In the city, the population was distributed as 27.6% under the age of 18, 8.2% from 18 to 24, 25.2% from 25 to 44, 20.2% from 45 to 64, and 18.8% who were 65 or older. The median age was 36 years. For every 100 females, there were 88.9 males. For every 100 females 18 and over, there were 84.0 males.

===2000 census===

The median income for a household in the city was $27,898, and for a family was $31,012. Males had a median income of $26,606 versus $19,959 for females. The per capita income for the city was $13,409. About 18.3% of families and 21.1% of the population were below the poverty line, including 28.5% of those under age 18 and 16.9% of those age 65 or over.
==Notable people==
- The Horrell brothers, outlaws of the Old West
- John Wesley "Lam" Jones, former sprinter (gold medal at the 1976 Summer Olympics) and NFL football player
- Dale McBride, country singer, songwriter
- Terry McBride (McBride and the Ride), country singer, songwriter, son of Dale McBride
- Keith Null, former American football quarterback
- Stanley Walker, editor of New York Herald Tribune from 1928 to 1935

==Education==
The city of Lampasas is served by the Lampasas Independent School District.
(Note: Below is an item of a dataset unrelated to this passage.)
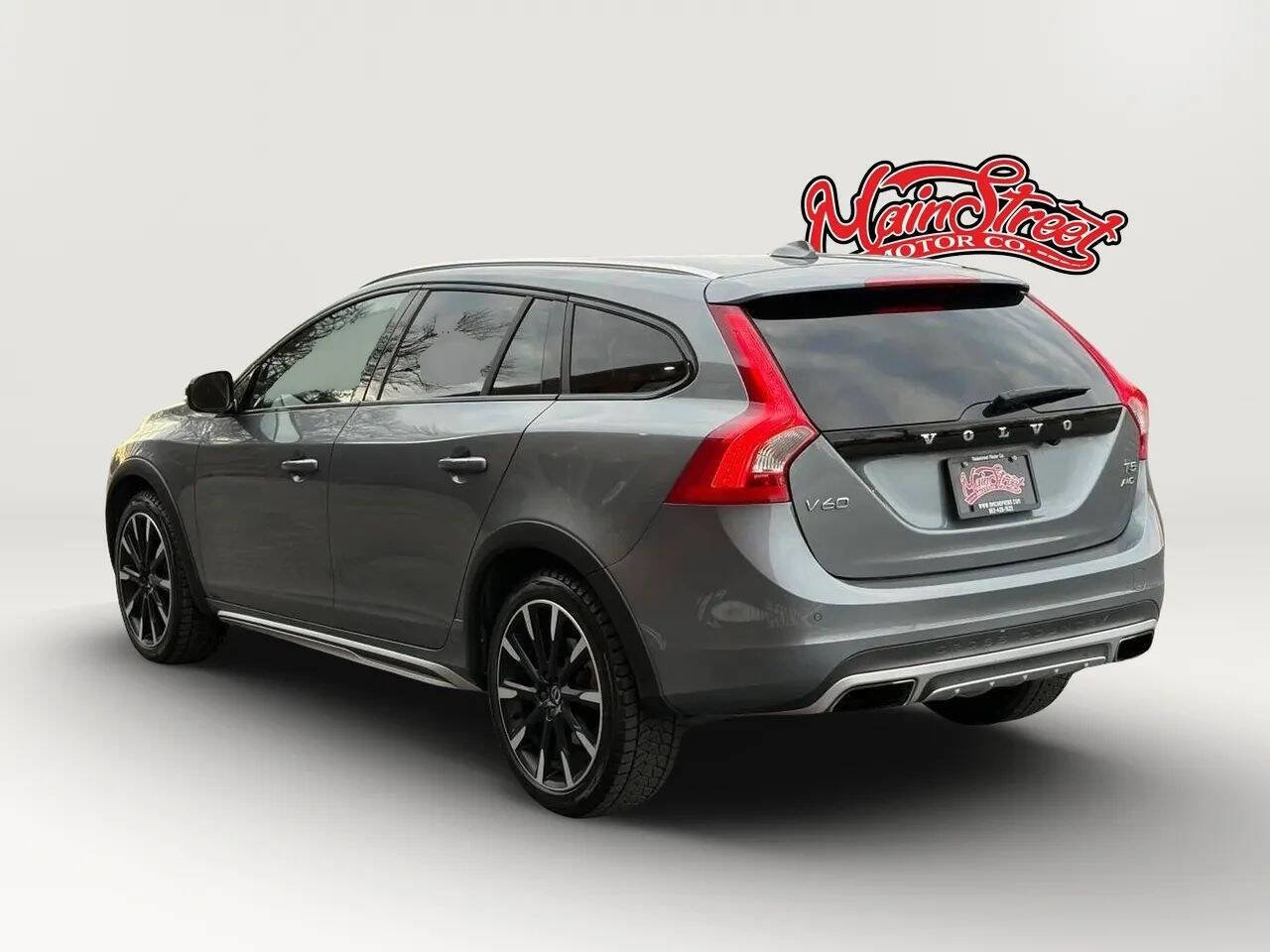 Used 2016 Volvo V60 T5 Cross Country Platinum w/ Climate Package image 5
==References in pop culture==
"Lampasas, Texas" is the title of the second episode of the CBS Western television series Trackdown, starring Robert Culp as Texas Ranger Hoby Gilman. The episode aired on October 11, 1957. In the story line, Gilman tries to block a town from carrying out the legal lynching of an innocent man.